The motor mechanism 110 includes a motor stator 110a and a motor rotor 110b. To receive power from the outside, the motor stator 110a is connected to a glass terminal (not illustrated) located between the frame 7 and the motor stator 110a by a lead (not illustrated). The motor rotor 110b is fixed to the rotating shaft 6 by shrink fitting, for example.


Next, an operation of the scroll compressor according to Embodiment 1 will be described.


When power is supplied to the motor stator 110a of the motor mechanism, the motor rotor 110b is given a rotational force and thus rotates. The rotating shaft 6 fixed to the motor rotor 110b is thus driven and rotated with rotation of the motor rotor 110b. As the rotating shaft 6 is rotated, the orbiting scroll 2 fitted to the eccentric shaft portion 6a of the rotating shaft 6 orbits while rotation of the orbiting scroll 2 on the axis thereof is being prevented by the Oldham ring 13. The refrigerant sucked into the container 100 through the suction pipe 101 is sucked into the compression chambers 9 via the lap-side suction space 74 located around the lap. As the orbiting scroll 2 orbits, the compression chambers 9 move toward the center of the compression mechanism 3 while decreasing in volume. Thus, the refrigerant in the compression chambers 9 is compressed. The compressed refrigerant is discharged to the discharge space 71 through the discharge port 10 and is then discharged from the container 100 through the discharge pipe 102.


The flow of oil will be described.


As the rotating shaft 6 is rotated with the rotation of the motor rotor 110b, oil in the oil sump 100a is drawn by the oil pump 17. The oil drawn by the oil pump 17 flows upward through the oil supply passage 18 in the rotating shaft 6. The oil flows in the radial direction on the way and is supplied to the bearings. After lubricating the bearings, the oil is returned to the oil sump 100a.


After flowing out from the upper opening of the oil supply passage 18 in the rotating shaft 6, the oil flows through the internal space 73, lubricates the orbiting bearing 5, and is then returned to the oil sump 100a. Part of the oil that has lubricated the orbiting bearing 5 is supplied to the thrust surface 2ab and lubricates the thrust surface 2ab and the Oldham ring 13. After that, the oil is sucked together with low-pressure gas refrigerant into the compression chambers 9 of the compression mechanism 3. In the compression chambers 9, the sucked oil seals a gap between the fixed lap 1b and the orbiting lap 2b and lubricates the laps.


As described above, in the case where the oil pump 17 is a positive-displacement oil pump, the amount of oil that is supplied to the compression chambers 9 and the sliding parts increases in a high-speed operation in which the rotation speed is high, whereas the amount of oil that is supplied to the compression chambers 9 and the sliding parts decreases in a low-speed operation. When the amount of oil that is supplied to the compression chambers 9 decreases, a refrigerant leak, which will be described later, occurs, thereby deteriorating the performance of the compressor.

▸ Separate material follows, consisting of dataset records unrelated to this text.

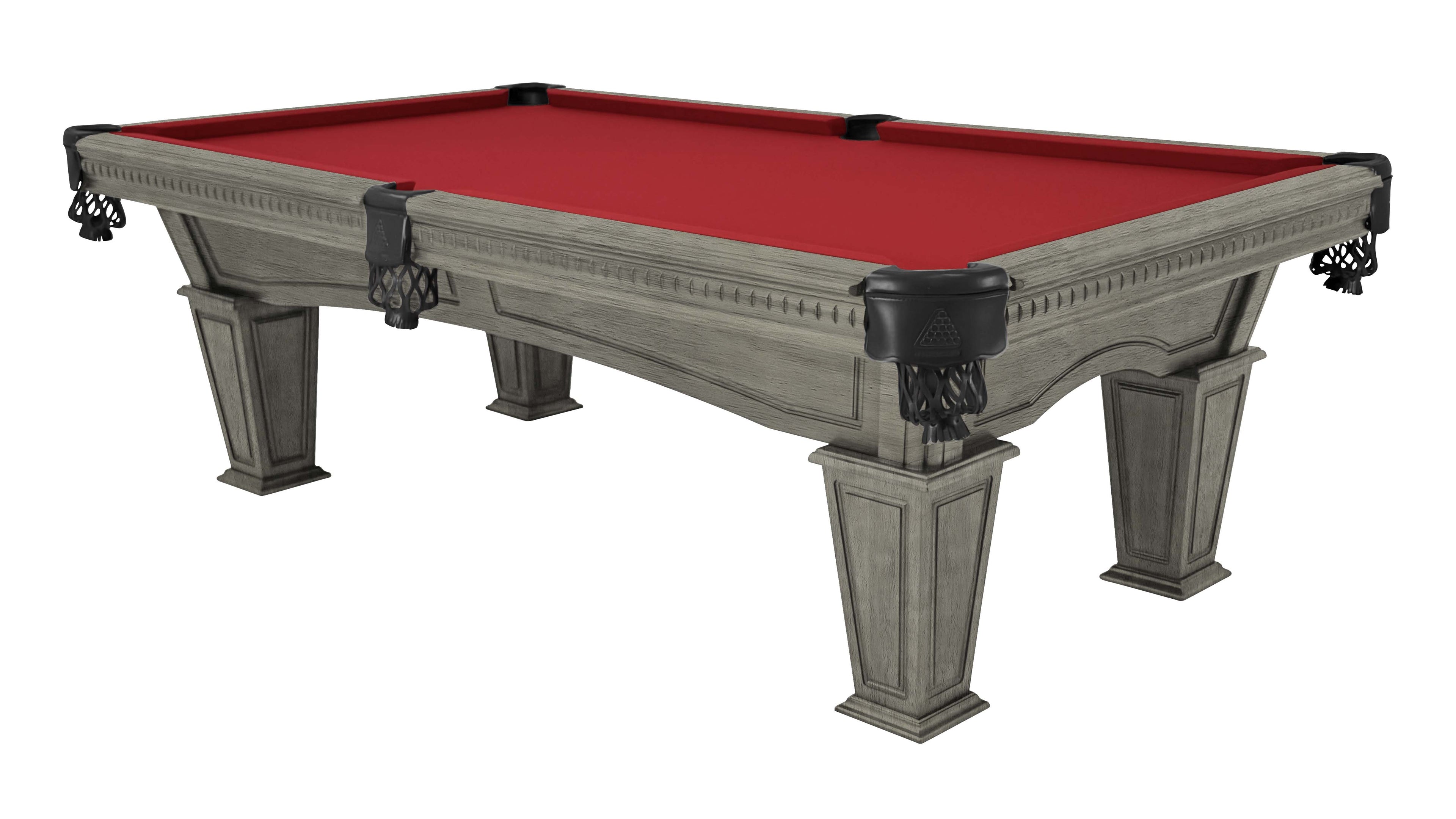 FINISH-Ash Grey Indoor-CLOTH-Fire Engine Red (Worsted)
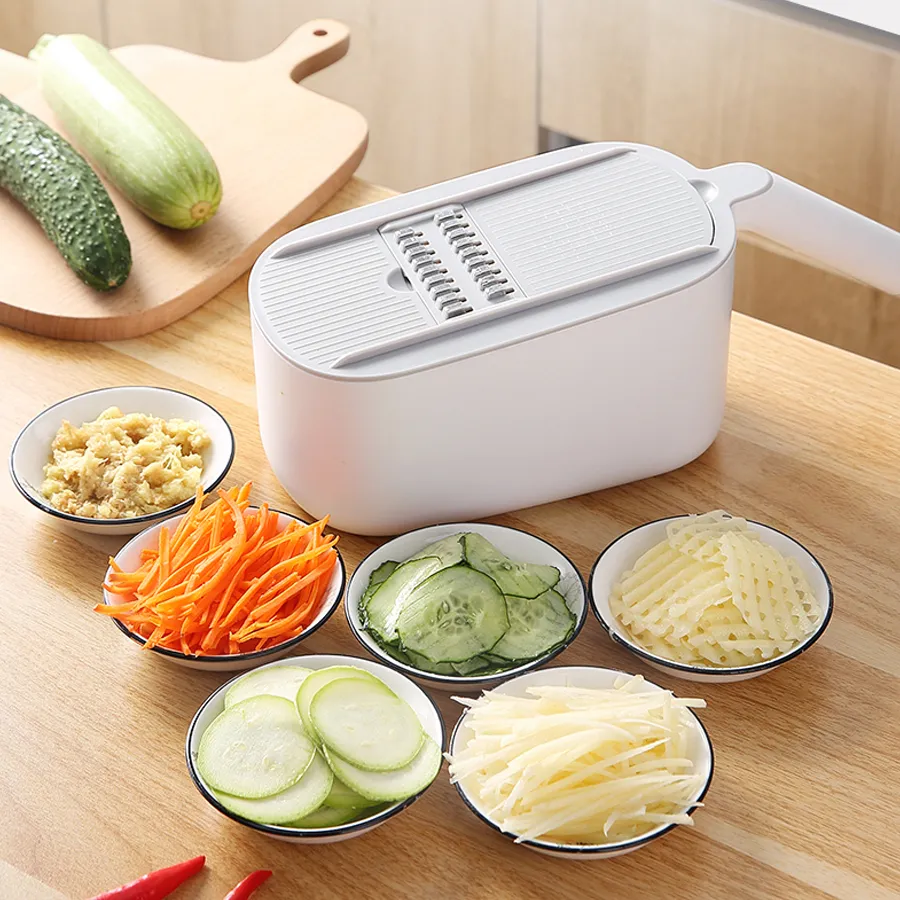 Dụng Cụ Bào Gọt Rau Củ ECOCO E1909 | Dao Gọt Vỏ Rau Củ Đa Năng 5 Dụng cụ bào gọt củ quả e1909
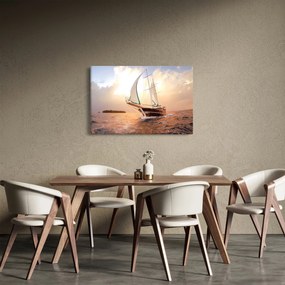 Obraz jachty (90x60 cm)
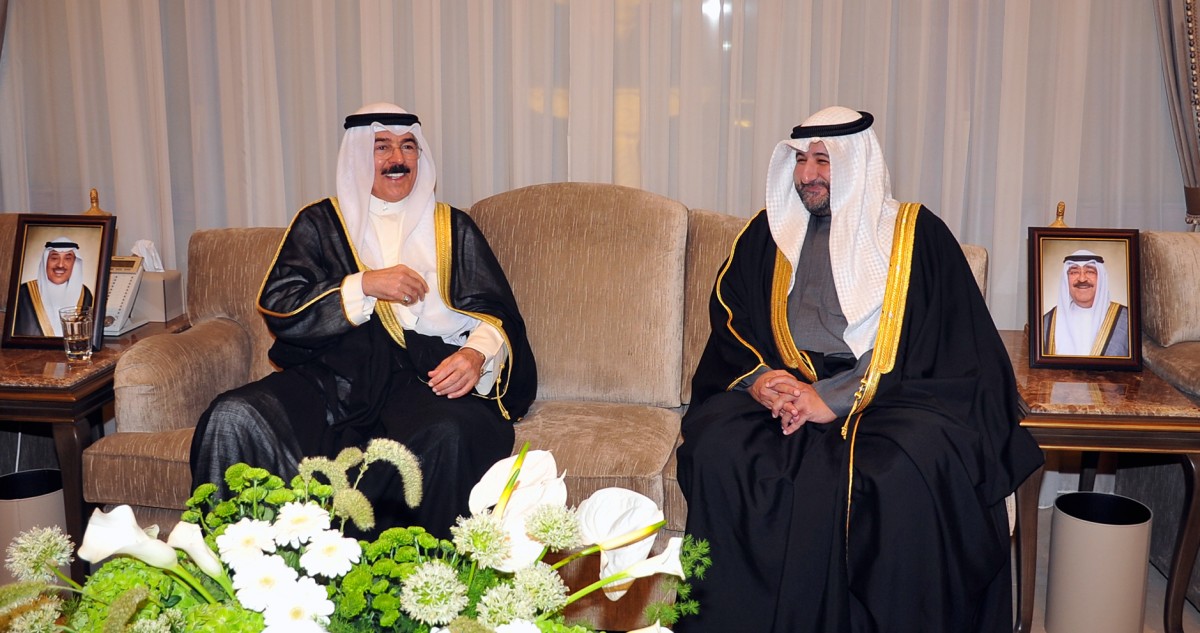 محمد الخالد استقبل المهنئين... مبارك الشهر على الكويت قيادةً وشعباً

A refrigerant leak that occurs in the case where the amount of oil that is supplied to the compression chambers 9 is not sufficient in the low-speed operation will be described.



FIG. 2 is a cross-sectional view illustrating the compression chambers defined by the orbiting lap of the orbiting scroll and the fixed lap of the fixed scroll in the scroll compressor according to Embodiment 1.


The pressure in each of the compression chambers 9 increases as the compression chamber 9 moves toward the center of the lap, thereby causing a pressure difference between the compression chambers 9, which are adjacent to each other. Because of the pressure difference, the compressed refrigerant leaks from a radially inner compression chamber 9 to a radially outer compression chamber 9, for example, from an innermost chamber 9a to an intermediate chamber 9b. This leak deteriorates the performance of the compressor.


In a distal end of each of the fixed lap 1b and the orbiting lap 2b, a sealing material 41 is embedded to prevent occurrence of a refrigerant leak. To be more specific, the sealing material 41 prevents a refrigerant leak from a gap between the distal end of each of the laps and the bedplate that faces the distal end. However, a leak passage is present at not only the distal ends of the laps but also the sides of the laps. Specifically, the fixed lap 1b and the orbiting lap 2b operate in contact with each other. A leak preventing component is not provided between the sides of the fixed lap 1b and the orbiting lap 2b. The oil sucked together with the refrigerant into the compression chambers 9 plays a large role as a sealing material. As indicated by arrows in FIG. 2, as passages of refrigerant leaks, the following leaks are present: a radial leak 42 that occurs from a high-pressure side to a low-pressure side of the laps; and a circumferential leak 43 that occurs from a gap between the sides of the laps.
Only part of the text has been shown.